Nah, it's not that bad.  Non-EMS people don't watch it...  It's not that unrealistic either, depending what part of the country you are in - granted, for a paid service his attire is waaay too lax, but for a vollie squad, he looks about right.  Again, it depends on your vollie squad - mine is very well attired, or you run the risk of being suspended, but there are others out there that aren't, and they still get the job done.  In the end, that's what it comes down to, isn't it?  Saving lives?  Or looking like Rico Suave while doing it?

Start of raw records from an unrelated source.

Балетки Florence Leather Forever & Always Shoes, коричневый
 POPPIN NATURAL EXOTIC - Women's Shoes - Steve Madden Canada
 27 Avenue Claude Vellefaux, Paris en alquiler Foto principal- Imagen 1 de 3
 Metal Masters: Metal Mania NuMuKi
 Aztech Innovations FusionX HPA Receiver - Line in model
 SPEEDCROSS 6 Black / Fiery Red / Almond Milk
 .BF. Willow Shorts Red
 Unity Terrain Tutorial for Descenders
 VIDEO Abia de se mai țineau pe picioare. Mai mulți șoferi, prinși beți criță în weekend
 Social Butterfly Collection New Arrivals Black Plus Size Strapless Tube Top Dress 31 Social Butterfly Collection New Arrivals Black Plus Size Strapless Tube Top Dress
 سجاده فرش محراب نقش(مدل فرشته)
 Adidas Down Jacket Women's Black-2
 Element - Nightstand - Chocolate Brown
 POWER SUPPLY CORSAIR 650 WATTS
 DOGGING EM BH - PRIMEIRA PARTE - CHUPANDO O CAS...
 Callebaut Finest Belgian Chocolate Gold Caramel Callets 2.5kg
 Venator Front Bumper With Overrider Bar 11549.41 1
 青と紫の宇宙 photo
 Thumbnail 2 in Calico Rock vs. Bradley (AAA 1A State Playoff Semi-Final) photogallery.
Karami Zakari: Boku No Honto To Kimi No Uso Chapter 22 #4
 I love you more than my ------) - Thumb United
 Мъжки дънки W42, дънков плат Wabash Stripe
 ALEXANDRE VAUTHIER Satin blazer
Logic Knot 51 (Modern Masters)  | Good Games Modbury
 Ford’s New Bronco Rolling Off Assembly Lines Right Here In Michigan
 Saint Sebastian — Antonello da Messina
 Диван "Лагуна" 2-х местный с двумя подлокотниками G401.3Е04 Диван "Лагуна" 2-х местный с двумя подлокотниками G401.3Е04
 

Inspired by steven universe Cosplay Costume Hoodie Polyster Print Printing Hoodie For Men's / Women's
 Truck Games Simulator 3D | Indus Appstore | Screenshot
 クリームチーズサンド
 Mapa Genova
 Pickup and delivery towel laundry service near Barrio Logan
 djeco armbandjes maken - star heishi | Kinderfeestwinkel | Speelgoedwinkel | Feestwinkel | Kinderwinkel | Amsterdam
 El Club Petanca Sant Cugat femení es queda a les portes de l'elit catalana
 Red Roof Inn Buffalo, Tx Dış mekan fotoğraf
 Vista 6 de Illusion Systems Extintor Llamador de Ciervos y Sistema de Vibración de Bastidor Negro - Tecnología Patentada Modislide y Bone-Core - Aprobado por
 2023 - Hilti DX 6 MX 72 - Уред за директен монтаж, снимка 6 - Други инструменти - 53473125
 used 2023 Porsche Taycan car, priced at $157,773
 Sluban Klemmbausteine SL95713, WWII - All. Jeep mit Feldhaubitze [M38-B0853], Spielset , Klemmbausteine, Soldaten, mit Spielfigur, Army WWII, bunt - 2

PS - you've never banana-bagged a friend?  or you just won't admit it?


----------



## GaEMT (Jun 20, 2006)

First   the appearance is that is not a volly squad     I mean even I am from South GA and I can perceive that    Secondly, did you not see the part where he came in drunk and his partner started a line on him   I mean come on.............I just think it potrays a negative image in a field which already has significant image problems   Just my .02 cents worth


----------



## joemt (Jun 20, 2006)

Ummmm Guess what.. you and I both know "medics" (B's, I's and P's) who have done this.. and if you say you don't know any then I'd have to say.... "not that you know of".... I know PLENTY who have come in maybe not drunk, but DEFINITELY hung over, and their partners have started lines on them.  Not that unusual.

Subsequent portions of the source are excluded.